Eventually, the bottom fell out, or at least seemed to: eight consecutive losses and 14 in a stretch of 15 games dropped the Hawks out of the No. 8 seed and behind the New York Knicks with two weeks left in the season. But they closed with a 7-1 kick to make the playoffs.

The Hawks predominantly are viewed as a postseason afterthought. It happens when a team with the postseason field’s worst record of 38-44 — the Hawks’ record actually ranked 18th overall, behind even two non-playoff teams in the West — faces one that finished 56-26. Analysts see the Hawks’ recent 19-point win in Indianapolis and their split of the four-game season series as aberration.

“That’s even better,” center Pero Antic said. “We don’t have anything to lose.
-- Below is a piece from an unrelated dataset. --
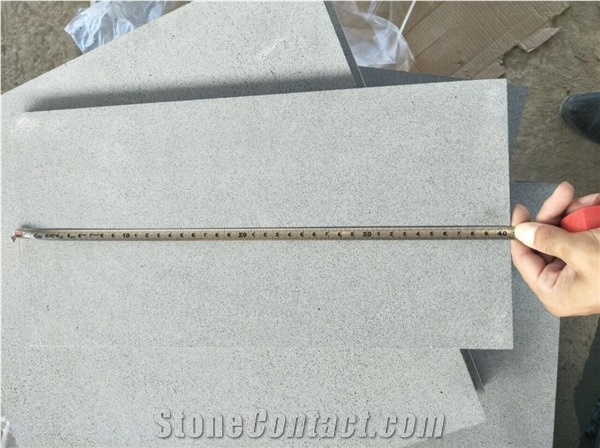 Chinese Light Grey Basalt Tiles Sawn Cut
We just have to show the people that we can play good basketball, team basketball, that we have fun playing together and we can compete throughout the series.”

“We use (the doubts) for motivation,” Elton Brand said. “No one gives a chance. No one gave us a chance the entire season, or at the end. We were losing. We were reeling. But we wanted that playoff slot.”

The Hawks remind me of a conversation I had in Las Vegas with late boxing trainer Emmanuel Steward following the weigh-in for the first Evander Holyfield-Mike Tyson fight. Tyson was an overwhelming favorite, but Steward was balking at placing a wager on the bout.

“Evander’s not a guy you ever bet against and feel comfortable,” he said.

The Hawks don’t scare anybody in April. But they didn’t scare anybody in December or January or March. What they do, they do well: play hard, share the ball, get in your face on defense and find improbable ways to survive.

They obviously have limitations. But Antic poses matchup problems for the Pacers because he’s a big man who can shoot from the outside, which forces the 7-2 Roy Hibbert to leave his relative sanctuary in the paint. Antic averaged 17 points on 72 percent shooting in two games against Indiana, 6.6 points on 40 percent shooting against everybody else.

Players and coaches normally don’t like to give away strategy, but this element is so obvious that Antic didn’t even try to hide it: “Hibbert is used to playing against bigger centers who like to play inside, so I’m going to try to keep him outside as much as possible.”

The Pacers started this season 25-5. They didn’t hit double-digits in losses until they had won 35. But they were wobbly down the stretch, going 10-13, including a 107-88 home loss to the Hawks (trailing 55-23 at halftime).

They started show some chemistry problems before the trade deadline. Then a trade that sent Danny Granger to Philadelphia for Evan Turner appeared to backfire. Some have wondered if coach Frank Vogel has lost the locker room. Hibbert called out teammates. Indy suddenly doesn’t project as a team that can knock off Miami.

That’s not the Hawks’ problem.

Brand was part of a Philadelphia team that upset No. 1-seeded Chicago two years ago (contributing factor: Derrick Rose was injured in Game 1).

“The mindset is that even though it’s No. 1 vs. No. 8, we’ve played pretty good against them for stretches,” Brand said. “So we have confidence.”

Enough to probably make Indiana feel uncomfortable.